Yes, there is a Department of Labor (DOL) regulation that is very relevant for your situation.
It is very common for fire chiefs and other higher-level administrative officers within the fire department to be considered overtime-exempt executives. There are strict requirements within the FLSA and DOL regulations on how these exempt employees must be compensated. It is possible for an otherwise exempt employee to “lose” exempt status if these regulations are not followed. There is also a provision within DOL regulations that allows employers to give overtime-exempt employees additional pay for additional work, without losing the employees’ exempt status. The regulation, which is entitled “Minimum guarantee plus extras” can be found at 29 CFR §541.604. In part, it states:
An employer may provide an exempt employee with additional compensation without losing the exemption or violating the salary basis requirement, if the employment arrangement also includes a guarantee of at least the minimum weekly required amount paid on a salary basis. Thus, for example, an exempt employee guaranteed at least $455 each week paid on a salary basis may also receive additional compensation of a one percent commission on sales . . . Similarly, the exemption is not lost if an exempt employee who is guaranteed at least $455 each week paid on a salary basis also receives additional compensation based on hours worked for work beyond the normal workweek. Such additional compensation may be paid on any basis (e.g., flat sum, bonus payment, straight-time hourly amount, time and one-half or any other basis), and may include paid time off.
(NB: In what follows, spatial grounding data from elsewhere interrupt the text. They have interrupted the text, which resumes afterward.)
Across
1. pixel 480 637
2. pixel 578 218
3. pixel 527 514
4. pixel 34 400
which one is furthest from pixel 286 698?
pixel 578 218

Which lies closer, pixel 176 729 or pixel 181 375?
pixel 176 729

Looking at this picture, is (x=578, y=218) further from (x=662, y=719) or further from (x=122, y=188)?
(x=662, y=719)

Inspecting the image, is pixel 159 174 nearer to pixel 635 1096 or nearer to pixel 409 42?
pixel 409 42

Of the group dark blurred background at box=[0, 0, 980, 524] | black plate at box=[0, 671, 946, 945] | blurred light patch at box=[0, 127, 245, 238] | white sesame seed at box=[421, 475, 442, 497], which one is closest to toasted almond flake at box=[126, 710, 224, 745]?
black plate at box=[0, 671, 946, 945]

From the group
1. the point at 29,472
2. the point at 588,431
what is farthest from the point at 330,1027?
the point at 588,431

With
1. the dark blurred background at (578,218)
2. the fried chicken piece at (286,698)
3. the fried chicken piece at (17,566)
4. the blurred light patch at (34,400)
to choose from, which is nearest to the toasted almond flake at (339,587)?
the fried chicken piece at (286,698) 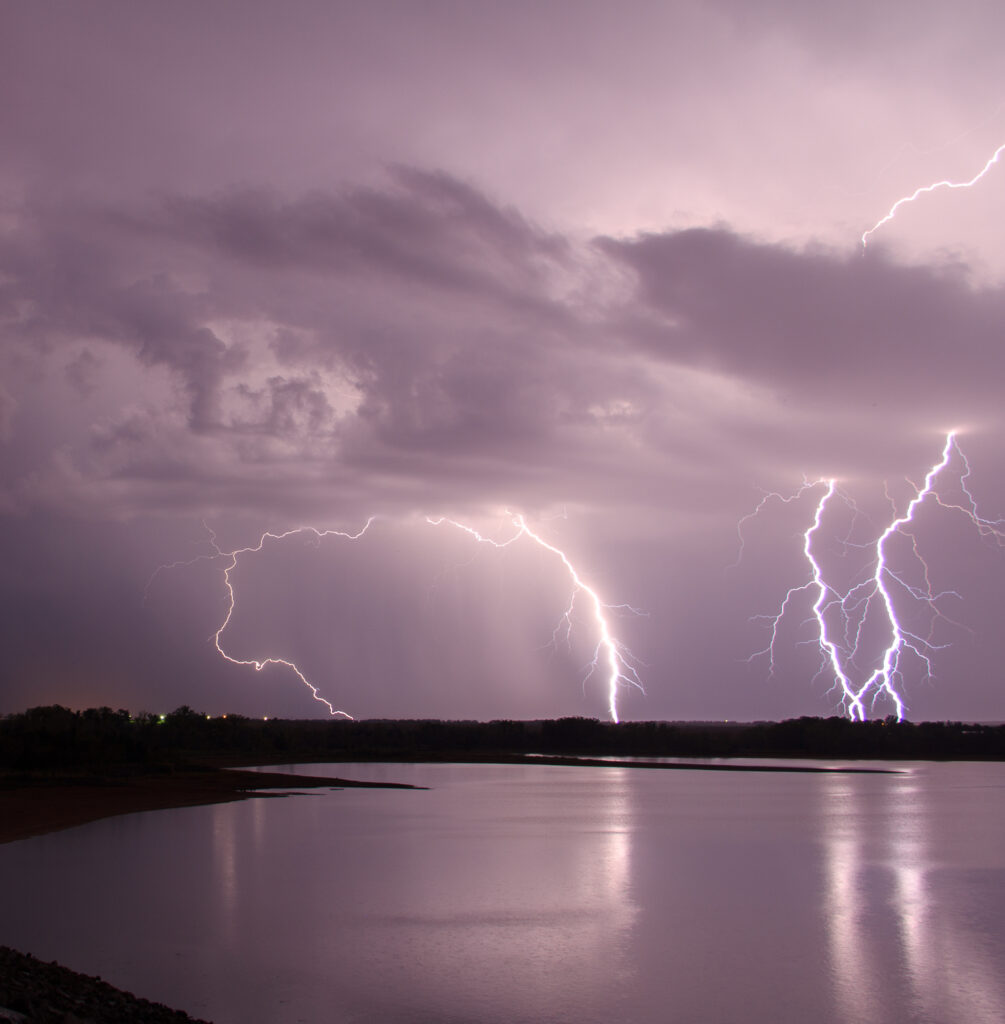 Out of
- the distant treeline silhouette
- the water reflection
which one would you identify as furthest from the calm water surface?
the distant treeline silhouette

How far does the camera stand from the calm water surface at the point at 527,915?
13398 millimetres

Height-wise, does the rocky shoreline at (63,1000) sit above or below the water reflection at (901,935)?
above

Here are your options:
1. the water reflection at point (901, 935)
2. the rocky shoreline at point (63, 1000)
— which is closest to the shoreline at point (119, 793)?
the rocky shoreline at point (63, 1000)

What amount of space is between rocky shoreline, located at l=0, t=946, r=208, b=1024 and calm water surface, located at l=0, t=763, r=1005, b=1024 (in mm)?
879

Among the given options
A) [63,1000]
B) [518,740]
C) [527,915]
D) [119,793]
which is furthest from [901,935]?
[518,740]

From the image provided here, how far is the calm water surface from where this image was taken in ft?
44.0

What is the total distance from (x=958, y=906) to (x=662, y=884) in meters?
6.07

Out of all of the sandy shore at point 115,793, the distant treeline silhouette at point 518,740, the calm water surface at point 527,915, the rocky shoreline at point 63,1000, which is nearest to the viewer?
the rocky shoreline at point 63,1000

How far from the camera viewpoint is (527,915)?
18.9 m

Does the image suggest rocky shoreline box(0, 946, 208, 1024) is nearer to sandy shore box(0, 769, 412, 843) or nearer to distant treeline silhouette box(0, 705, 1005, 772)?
sandy shore box(0, 769, 412, 843)

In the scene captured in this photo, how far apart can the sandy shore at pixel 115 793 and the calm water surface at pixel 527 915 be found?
2.07 m

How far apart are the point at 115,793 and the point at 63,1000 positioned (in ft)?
120

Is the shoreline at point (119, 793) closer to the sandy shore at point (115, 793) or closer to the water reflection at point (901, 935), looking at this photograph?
the sandy shore at point (115, 793)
As for the second part of the question, anyone who is familiar with the FLSA and the regulations pertaining to exempt executives may be surprised to see the phrase “additional compensation may be paid on any basis.” The regulations place significant restrictions on how employers can reduce an exempt executive’s salary, yet they place very little control over how employers may choose to increase an exempt executive’s salary. Under the regulations, paying a flat weekly stipend would be acceptable. You should also run this question by your local counsel and make sure there are not state or local wage laws that could affect this analysis as well.